Dirk Nowitzki is a professional basketball player who became popular during the early 2000s. He is a 7-foot-tall forward, and he was the sixth German to play in the NBA. Even if Nowitzki is often compared to another talented NBA star, Larry Bird, Dirk Nowitzki built his own identity and reputation in the industry. Most people like to call him the best European to ever play in the NBA. In this article, we are going to know more about the life and career of Dirk Nowitzki and what made him a sports legend.
Life and Career
Dirk Nowitzki was born in 1978 in Wurzburg, Germany, and he is the son of Helen and Joerg Nowitzki. Back in the days, his father played for West Germany in team handball, and his mother was a well-known star player of Germany’s women’s national basketball team.
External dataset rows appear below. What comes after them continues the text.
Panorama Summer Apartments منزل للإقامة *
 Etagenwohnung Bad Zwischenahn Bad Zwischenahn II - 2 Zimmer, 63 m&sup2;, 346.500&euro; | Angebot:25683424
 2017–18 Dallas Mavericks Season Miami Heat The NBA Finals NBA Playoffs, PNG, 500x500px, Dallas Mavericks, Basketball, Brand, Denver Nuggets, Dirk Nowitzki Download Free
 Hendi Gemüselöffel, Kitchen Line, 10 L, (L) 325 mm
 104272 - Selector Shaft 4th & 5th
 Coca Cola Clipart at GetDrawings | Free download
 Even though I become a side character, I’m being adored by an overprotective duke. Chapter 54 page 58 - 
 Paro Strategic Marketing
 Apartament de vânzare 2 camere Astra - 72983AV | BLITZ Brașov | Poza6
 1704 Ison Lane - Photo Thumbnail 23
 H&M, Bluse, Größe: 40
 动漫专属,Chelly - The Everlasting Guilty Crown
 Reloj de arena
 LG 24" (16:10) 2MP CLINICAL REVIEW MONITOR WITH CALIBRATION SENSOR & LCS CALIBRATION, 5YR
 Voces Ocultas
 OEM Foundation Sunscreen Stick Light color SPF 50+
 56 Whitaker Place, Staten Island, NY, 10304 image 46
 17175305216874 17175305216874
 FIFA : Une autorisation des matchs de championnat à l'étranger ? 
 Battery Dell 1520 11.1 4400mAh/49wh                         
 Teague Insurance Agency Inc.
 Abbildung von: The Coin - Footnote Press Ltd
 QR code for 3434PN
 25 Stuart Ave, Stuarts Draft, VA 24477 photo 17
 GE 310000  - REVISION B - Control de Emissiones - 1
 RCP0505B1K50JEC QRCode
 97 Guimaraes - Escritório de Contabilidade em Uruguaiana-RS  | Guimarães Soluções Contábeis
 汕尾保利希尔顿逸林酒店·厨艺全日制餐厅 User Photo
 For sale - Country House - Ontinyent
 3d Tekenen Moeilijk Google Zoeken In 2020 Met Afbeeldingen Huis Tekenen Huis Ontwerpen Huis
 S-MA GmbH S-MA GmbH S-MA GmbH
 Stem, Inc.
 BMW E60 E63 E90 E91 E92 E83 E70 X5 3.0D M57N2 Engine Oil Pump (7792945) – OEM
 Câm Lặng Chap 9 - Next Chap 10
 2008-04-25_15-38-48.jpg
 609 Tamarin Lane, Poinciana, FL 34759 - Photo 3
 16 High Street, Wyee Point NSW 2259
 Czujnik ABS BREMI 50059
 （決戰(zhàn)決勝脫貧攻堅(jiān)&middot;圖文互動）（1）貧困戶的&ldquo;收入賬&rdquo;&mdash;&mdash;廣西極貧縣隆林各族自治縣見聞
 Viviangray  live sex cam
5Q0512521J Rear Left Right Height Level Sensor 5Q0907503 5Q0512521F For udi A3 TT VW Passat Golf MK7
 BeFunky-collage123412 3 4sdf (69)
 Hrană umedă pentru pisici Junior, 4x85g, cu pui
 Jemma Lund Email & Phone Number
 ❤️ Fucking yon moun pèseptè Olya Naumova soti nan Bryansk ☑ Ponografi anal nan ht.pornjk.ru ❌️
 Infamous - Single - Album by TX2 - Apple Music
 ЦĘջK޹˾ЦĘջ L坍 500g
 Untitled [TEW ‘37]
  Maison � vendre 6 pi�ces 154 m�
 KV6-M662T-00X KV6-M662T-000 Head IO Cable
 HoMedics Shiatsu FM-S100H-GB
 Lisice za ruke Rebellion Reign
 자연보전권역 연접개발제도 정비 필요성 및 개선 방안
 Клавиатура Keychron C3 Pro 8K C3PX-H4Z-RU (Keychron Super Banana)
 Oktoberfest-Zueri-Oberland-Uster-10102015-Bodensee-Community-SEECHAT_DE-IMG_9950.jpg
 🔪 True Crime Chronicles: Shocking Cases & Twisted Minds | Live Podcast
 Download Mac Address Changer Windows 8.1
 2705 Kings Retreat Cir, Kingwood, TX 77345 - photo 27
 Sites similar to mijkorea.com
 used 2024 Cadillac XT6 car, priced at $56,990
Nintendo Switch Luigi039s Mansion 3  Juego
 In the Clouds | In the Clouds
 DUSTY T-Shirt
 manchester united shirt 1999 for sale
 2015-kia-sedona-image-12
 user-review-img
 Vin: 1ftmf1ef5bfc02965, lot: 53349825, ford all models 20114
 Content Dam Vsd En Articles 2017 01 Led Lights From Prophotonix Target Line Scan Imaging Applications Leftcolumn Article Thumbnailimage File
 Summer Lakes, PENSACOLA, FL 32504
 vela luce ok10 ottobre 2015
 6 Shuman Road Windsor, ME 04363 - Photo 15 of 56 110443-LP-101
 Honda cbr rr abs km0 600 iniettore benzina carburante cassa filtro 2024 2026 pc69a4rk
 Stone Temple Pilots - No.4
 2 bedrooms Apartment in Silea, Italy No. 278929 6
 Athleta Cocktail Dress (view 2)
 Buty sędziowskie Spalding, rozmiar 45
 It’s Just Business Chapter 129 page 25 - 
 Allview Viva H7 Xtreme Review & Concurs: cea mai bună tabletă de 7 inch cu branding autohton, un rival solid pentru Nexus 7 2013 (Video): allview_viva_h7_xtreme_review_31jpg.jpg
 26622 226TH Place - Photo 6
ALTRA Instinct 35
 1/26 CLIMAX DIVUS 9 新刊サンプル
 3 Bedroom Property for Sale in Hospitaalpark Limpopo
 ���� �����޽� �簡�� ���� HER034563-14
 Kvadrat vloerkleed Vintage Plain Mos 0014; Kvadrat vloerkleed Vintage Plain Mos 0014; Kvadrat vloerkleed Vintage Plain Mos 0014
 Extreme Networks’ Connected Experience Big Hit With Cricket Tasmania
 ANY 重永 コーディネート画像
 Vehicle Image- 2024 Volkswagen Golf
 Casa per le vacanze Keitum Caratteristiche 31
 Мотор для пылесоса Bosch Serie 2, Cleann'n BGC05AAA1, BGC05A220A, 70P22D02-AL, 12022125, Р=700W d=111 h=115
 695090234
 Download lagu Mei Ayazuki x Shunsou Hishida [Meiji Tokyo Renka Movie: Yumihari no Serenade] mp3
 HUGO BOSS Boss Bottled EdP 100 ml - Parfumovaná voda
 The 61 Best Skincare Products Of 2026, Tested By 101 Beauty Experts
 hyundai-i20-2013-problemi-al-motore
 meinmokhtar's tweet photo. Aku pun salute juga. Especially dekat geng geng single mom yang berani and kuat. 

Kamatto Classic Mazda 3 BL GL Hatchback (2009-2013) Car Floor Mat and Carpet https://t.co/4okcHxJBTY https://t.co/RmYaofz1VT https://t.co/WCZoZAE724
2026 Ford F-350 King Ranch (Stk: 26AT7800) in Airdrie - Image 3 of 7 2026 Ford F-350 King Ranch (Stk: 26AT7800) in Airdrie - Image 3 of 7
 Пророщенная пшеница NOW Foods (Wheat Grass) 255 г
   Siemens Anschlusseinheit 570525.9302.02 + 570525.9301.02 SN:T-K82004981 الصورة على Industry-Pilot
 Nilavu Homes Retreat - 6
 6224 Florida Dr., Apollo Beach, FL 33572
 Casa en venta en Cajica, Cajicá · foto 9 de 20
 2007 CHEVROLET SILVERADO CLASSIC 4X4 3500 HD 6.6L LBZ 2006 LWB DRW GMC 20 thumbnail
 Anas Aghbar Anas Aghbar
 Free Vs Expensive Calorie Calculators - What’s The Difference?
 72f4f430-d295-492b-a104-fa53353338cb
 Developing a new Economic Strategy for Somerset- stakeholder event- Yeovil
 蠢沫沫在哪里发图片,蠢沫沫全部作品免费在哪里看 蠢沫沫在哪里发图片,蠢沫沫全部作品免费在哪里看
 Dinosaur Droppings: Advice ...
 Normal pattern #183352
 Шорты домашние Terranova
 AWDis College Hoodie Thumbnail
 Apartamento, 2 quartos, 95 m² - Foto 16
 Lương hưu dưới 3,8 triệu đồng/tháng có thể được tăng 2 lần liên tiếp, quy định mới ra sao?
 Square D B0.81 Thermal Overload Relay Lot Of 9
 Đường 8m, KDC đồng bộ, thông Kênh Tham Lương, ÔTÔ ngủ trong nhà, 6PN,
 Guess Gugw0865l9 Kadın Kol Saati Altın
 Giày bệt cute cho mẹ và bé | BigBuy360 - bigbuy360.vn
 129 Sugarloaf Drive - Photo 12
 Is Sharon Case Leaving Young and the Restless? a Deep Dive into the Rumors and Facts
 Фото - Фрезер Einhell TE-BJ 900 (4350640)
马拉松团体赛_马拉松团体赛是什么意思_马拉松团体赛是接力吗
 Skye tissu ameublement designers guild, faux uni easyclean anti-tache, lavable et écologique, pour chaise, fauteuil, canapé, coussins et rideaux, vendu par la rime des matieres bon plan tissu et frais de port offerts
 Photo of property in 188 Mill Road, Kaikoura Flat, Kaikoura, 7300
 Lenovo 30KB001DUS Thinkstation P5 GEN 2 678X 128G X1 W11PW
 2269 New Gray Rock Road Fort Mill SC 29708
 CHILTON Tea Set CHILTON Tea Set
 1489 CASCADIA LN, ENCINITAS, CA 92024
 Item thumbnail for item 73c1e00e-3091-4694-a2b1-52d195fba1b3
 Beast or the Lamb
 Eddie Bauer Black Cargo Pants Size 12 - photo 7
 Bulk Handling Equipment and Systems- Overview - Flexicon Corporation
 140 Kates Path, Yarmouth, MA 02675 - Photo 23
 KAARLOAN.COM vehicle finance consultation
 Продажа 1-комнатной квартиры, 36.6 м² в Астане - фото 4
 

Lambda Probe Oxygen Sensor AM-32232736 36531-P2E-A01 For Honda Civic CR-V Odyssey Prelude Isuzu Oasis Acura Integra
Because he saw his mother active and sister being active in the said sport from an early age, the Nowitzki thought basketball was a sport for girls when he was young. That is why a child, he played tennis, team handball, and soccer.
Dirk Nowitzki’s interest in playing basketball began when he was just thirteen years old and soon grew to love it. Holger Geschwindner noticed Nowitzki’s playing skills while Nowitzki was playing pickup games at a local gym. Gerschwindner used to play on the West German Olympic team back in 1972. When Nowitzki was 16 years old, he started for the second division team in German Bundesliga named DJK Wurzburg X-Rays. During this time, he is continuously tutored by Gerschwindner to hone his basketball skills. Gerschwindner also happened to be the team’s coach, and he created a plan to maximize Nowitzki’s basketball skills.
However, basketball was not Nowitzki’s only focus, because from 1997 to 1998, Nowitzki completed his mandatory service in the German Army. He was also allowed to play basketball out of the country as a member of the International Junior Select Team, which consists of players under-19 year old, and they competed in the Nike Hoop Summit in March of 1998. The summit was considered as Nowitzki’s breakout game because, at a young age, he managed to score 33 points and 14 rebounds against the American team. At the end of the game, Nowitzki’s team won against the Americans with 104-99. His magnificent performance during the summit captured both college and professional scouts, though, during this time, he was still not well known.
Nowitzki was not able to play during pre-draft camp and attend the NBA draft because of his ongoing army commitment. In late 1998, Nowitzki was drafted in the 1998 NBA draft as the ninth pick of the Milwaukee Bucks. However, not long after that, Nowitzki was then traded to Dallas for Buck’s number 19 pick, Pat Garrity, and sixth pick Robert Traylor. However, even if he got drafted in the NBA, Nowitzki was unsure if he would play in the NBA right away. Aside from that, he also thought about staying in Europe and spend more seasons playing there. But in the end, Nowitzki still decided to join the Dallas Mavericks and play in the NBA after he had a meeting with then Dallas coach Don Nelson. One reason why Nowitzki quickly agreed to come and play in the NBA was Don Nelson allowed him to leave the country twice during the season to play for the German national team and help them qualify for Olympic play in 2000.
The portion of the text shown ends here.